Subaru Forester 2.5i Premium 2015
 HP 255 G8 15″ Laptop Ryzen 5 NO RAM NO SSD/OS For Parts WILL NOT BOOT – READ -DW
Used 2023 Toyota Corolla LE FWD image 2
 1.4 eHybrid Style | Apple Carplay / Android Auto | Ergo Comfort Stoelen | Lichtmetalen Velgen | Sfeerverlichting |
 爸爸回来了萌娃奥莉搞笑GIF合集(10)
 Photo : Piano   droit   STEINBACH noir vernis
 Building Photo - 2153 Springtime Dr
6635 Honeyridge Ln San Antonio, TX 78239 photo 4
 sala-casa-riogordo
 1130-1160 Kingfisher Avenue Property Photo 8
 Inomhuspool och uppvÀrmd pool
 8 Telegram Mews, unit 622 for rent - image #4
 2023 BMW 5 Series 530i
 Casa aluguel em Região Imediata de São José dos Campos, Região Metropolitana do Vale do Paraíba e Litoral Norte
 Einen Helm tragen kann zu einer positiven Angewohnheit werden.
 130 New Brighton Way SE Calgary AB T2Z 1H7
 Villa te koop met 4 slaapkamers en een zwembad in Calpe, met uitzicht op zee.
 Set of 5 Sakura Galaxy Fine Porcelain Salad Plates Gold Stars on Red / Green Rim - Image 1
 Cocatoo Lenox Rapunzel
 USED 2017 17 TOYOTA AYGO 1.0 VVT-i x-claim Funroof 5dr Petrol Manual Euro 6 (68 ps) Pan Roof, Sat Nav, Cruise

---

Line by line, please copy the records above exactly.

Subaru Forester 2.5i Premium 2015
 HP 255 G8 15″ Laptop Ryzen 5 NO RAM NO SSD/OS For Parts WILL NOT BOOT – READ -DW
Used 2023 Toyota Corolla LE FWD image 2
 1.4 eHybrid Style | Apple Carplay / Android Auto | Ergo Comfort Stoelen | Lichtmetalen Velgen | Sfeerverlichting |
 爸爸回来了萌娃奥莉搞笑GIF合集(10)
 Photo : Piano   droit   STEINBACH noir vernis
 Building Photo - 2153 Springtime Dr
6635 Honeyridge Ln San Antonio, TX 78239 photo 4
 sala-casa-riogordo
 1130-1160 Kingfisher Avenue Property Photo 8
 Inomhuspool och uppvÀrmd pool
 8 Telegram Mews, unit 622 for rent - image #4
 2023 BMW 5 Series 530i
 Casa aluguel em Região Imediata de São José dos Campos, Região Metropolitana do Vale do Paraíba e Litoral Norte
 Einen Helm tragen kann zu einer positiven Angewohnheit werden.
 130 New Brighton Way SE Calgary AB T2Z 1H7
 Villa te koop met 4 slaapkamers en een zwembad in Calpe, met uitzicht op zee.
 Set of 5 Sakura Galaxy Fine Porcelain Salad Plates Gold Stars on Red / Green Rim - Image 1
 Cocatoo Lenox Rapunzel
 USED 2017 17 TOYOTA AYGO 1.0 VVT-i x-claim Funroof 5dr Petrol Manual Euro 6 (68 ps) Pan Roof, Sat Nav, Cruise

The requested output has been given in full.